The report, "Move More: Physical activity the underrated 'wonder drug,'" from Macmillan Cancer Support in the U.K., says that 150 minutes of moderate intensity activity per week, the amount recommended by the U.K.'s four chief medical officers, is the minimum amount required to see the benefits.
Moderate intensity activity includes exercise such as cycling and very brisk walking, but also household tasks such as heavy cleaning and mowing the lawn.
The report presents four key findings:
- Breast cancer patients' risk of recurrence and of dying from the disease can be reduced by up to 40% by doing 150 minutes of moderate intensity activity per week.
- Bowel cancer patients' risk of recurrence and dying from the disease can be reduced by up to 50% by doing significant amounts of physical activity; this means about six hours of moderate intensity physical activity per week.
- Prostate cancer patients' risk of dying from the disease can be reduced by up to 30% by doing the recommended 150 minutes of moderate intensity physical activity.
After treatment, all cancer patients can reduce their risk of side effects from cancer and its treatment, including fatigue, depression, osteoporosis, and heart disease, by doing the recommended levels of physical activity.
Many Health Professionals Unaware of Benefits
However, despite strong emerging evidence that being physically active could dramatically improve cancer patients' recovery and long-term health, a Macmillan online survey of 400 health professionals who deal with cancer patients found that many are not aware of this and most are not talking to their patients about it.
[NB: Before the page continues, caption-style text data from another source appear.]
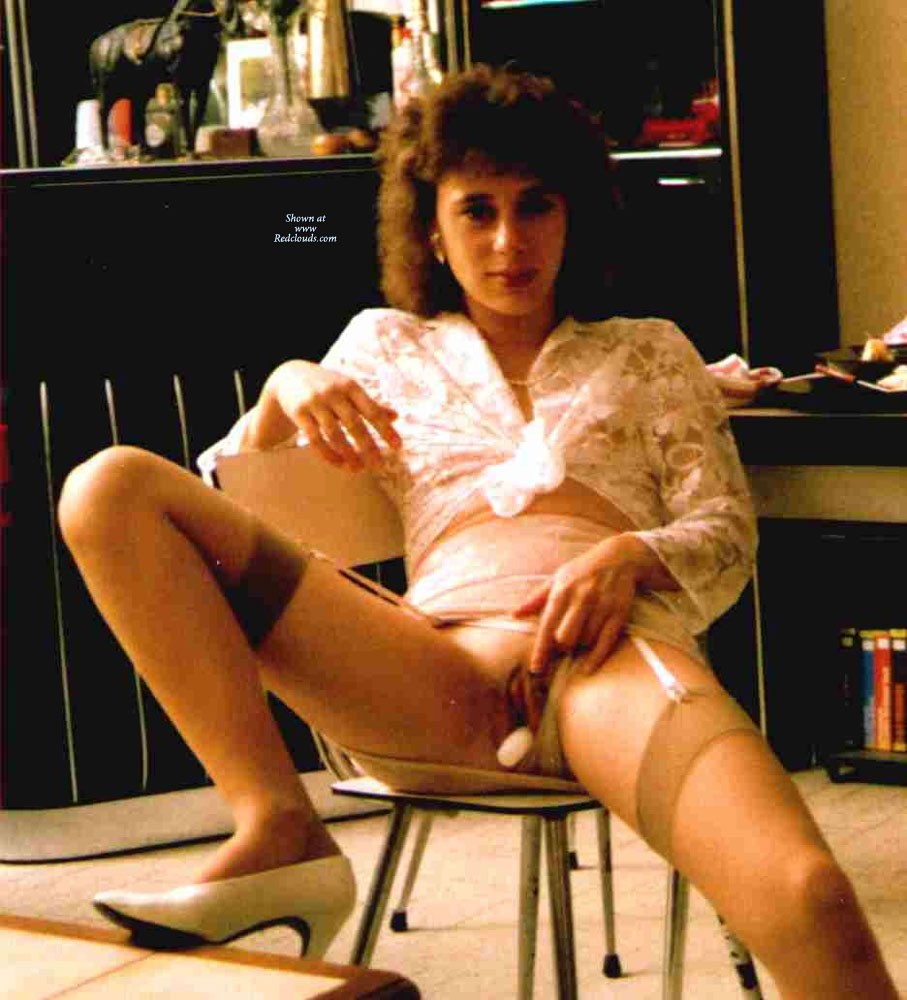 Pic #1Pantyless - Brunette, Bush Or Hairy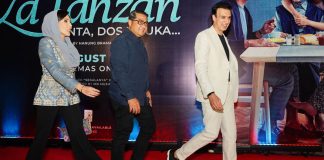 ceo md entertainment, manoj punjabi menyambut menteri ekraf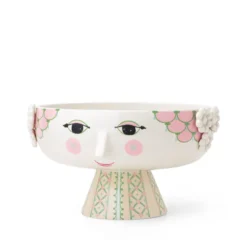 Bjørn Wiinblad Eva opsats soft pink 24 cm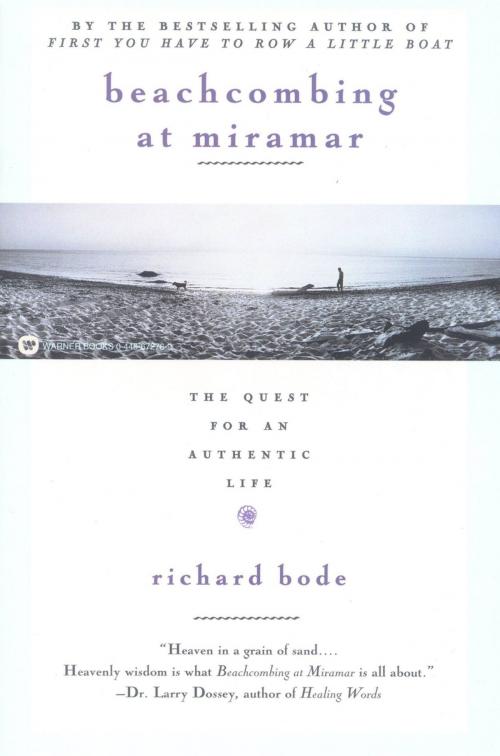 Cover of the book Beachcombing at Miramar by Richard Bode, Grand Central Publishing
Over half of the primary care doctors, nurses, and oncologists surveyed do not speak to their cancer patients about the benefits of physical activity, or at best they speak to just a few of them.
Ciaran Devane, chief executive of Macmillan Cancer Support, says, "Cancer patients would be shocked if they knew just how much benefit physical activity could have on their recovery and long-term health, in some cases reducing their chances of having to go through the grueling ordeal of treatment all over again."
Exercise Not Just an Add-on to Care
According to Jane Maher, chief medical officer of Macmillan Cancer Support, "The advice I would previously have given to one of my patients would have been to 'take it easy.' This has now changed significantly because of the recognition that, if physical exercise were a drug, it would be hitting the headlines. There really needs to be a cultural change so that health professionals see physical activity as an integral part of cancer after-care, not just an optional add-on."